Kaycee Orwig | Senior Staff Photographer

Colorful chapbooks — small collections of poetry centered on a theme — line the featured shelves in Hillman’s new African American poetry exhibit. The featured books were written and signed by black poets who have visited Pitt’s campus.

By Brenden Rearick, For The Pitt News

Hillman Library doesn’t typically allow visitors to write in its books — unless you’re a poet visiting with the Center for African American Poetry and Poetics.

Colorful chapbooks — small collections of poetry centered on a theme — currently line the featured shelves in Hillman’s new African American poetry exhibit. Though the content of each of these books may vary, all were written and signed by black poets who have visited Pitt’s campus.

The special collection exhibit was created in partnership between the CAAPP and the University Library System. Robin Kear, library liaison for the English department and Lauren Russell, a poet and assistant director of CAAPP, worked together to coordinate the exhibit. Since the inception of CAAPP in 2016, they’ve gathered extensive bibliographies of the poets who have visited Pitt, such as lyrical poet Simone White and Harryette Mullen, author of “House Envy of All The World,” having them sign copies of their work before they’re placed into the library system.

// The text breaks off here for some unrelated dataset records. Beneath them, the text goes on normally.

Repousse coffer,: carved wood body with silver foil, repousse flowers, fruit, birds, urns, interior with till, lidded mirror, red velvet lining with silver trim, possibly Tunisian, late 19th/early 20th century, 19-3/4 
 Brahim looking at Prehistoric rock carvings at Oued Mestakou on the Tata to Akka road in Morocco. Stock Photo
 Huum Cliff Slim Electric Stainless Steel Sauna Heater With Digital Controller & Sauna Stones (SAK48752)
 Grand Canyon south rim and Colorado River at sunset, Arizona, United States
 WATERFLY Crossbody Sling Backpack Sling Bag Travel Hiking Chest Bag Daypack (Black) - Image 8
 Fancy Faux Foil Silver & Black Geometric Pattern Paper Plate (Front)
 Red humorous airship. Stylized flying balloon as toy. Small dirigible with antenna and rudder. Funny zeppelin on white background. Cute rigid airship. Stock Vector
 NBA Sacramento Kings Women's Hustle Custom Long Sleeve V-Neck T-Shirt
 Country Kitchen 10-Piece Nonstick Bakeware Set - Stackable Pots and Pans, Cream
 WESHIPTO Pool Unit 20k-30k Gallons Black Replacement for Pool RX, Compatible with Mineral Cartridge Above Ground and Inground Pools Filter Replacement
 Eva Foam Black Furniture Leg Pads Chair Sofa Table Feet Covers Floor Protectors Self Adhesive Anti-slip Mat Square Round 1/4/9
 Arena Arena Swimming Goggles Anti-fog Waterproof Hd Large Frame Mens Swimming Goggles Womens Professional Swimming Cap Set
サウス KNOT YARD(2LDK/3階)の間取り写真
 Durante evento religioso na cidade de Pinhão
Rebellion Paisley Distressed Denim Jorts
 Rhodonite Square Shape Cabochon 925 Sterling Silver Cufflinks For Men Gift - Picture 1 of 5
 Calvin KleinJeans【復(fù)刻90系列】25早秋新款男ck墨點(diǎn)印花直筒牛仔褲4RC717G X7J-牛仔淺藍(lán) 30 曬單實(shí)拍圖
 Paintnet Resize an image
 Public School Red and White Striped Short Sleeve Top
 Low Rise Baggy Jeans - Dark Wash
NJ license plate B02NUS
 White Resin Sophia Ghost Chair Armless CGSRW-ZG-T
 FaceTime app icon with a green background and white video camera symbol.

Kear curated 41 of her favorite works by African American poets to display out of the library’s extensive collection for Black History Month.

“Whenever people are coming — the artists and the poets — Lauren will send me a list of items that we need from them,” she said. “I’ll work with Acquisitions to get them. We’ll buy out-of-print if we can if it’s a smaller edition or limited edition.”

The idea for the book signings came from CAAPP cofounder Dawn Lundy Martin. After a visit to the University at Buffalo, Martin took home its English department’s idea to honor visiting authors by getting an autographed copy of their work into the university library.

“When you give a reading [at University at Buffalo], it’s similar. They buy all the books you’ve written, including the smaller chapbooks with a limited press run if they can get them, you sign them in a special room with a special pen and it’s really lovely,” she said.

Martin said the tradition has been a great way to extend the University’s African American poetry collection while keeping an archive of the CAAPP programming thus far.

In addition to campus readings, the visiting writers often get a chance to interact directly with the student body. Russell said CAAPP has organized hands-on work between the visiting poets, such as Rickey Laurentiis, and students through the Studio in African American Poetry & Poetics course.

“The guests will circulate work in progress to the students ahead of time, and then the students present responses to the guest’s work in progress,” she said. “For some of the guests, that’s been really meaningful in helping them think about their own work.”

CAAPP has brought dozens of black writers — activists and artists like poet Fred Moten and photographer LaToya Ruby Frazier — to campus for events centered on different topics such as black futurism and poetic form. According to Martin, the process for selecting prospective visitors is fairly intuitive. She said when the time comes for picking authors to visit, the CAAPP board thinks of a theme that Martin and her cohorts from the center find interesting. Potential speakers are selected based on that theme.

“I like to invite people who [have] some interesting juxtaposition in the work that they’re doing and maybe the genres they’re working in,” she said.

Though Black History Month is over at the end of February, CAAPP has a full lineup of events throughout the rest of the semester. For those who still may not “get” poetry and are intimidated by the exhibit, Martin recommends starting with “Citizen” by Claudia Rankine as a starting point because of her prominence in the poetry community. Kear suggests picking up a book by poets Carl Phillips or Saretta Morgan, while Russell said Jonah Mixon-Webster’s “Stereo(TYPE)” is a book well worth diving into.

Multiple books by Martin and Russell themselves feature on the shelves of the exhibit as well. Martin said this particular exhibit serves as a way for students unfamiliar with the medium to become more familiar both with poetry and black artists.

“Most people don’t read poetry. A lot of people don’t teach poetry,” she said. “So this is an opportunity for them to learn about some poets that they don’t know about, to learn about some black poets they don’t know about, and to maybe incorporate those poets into their syllabi.”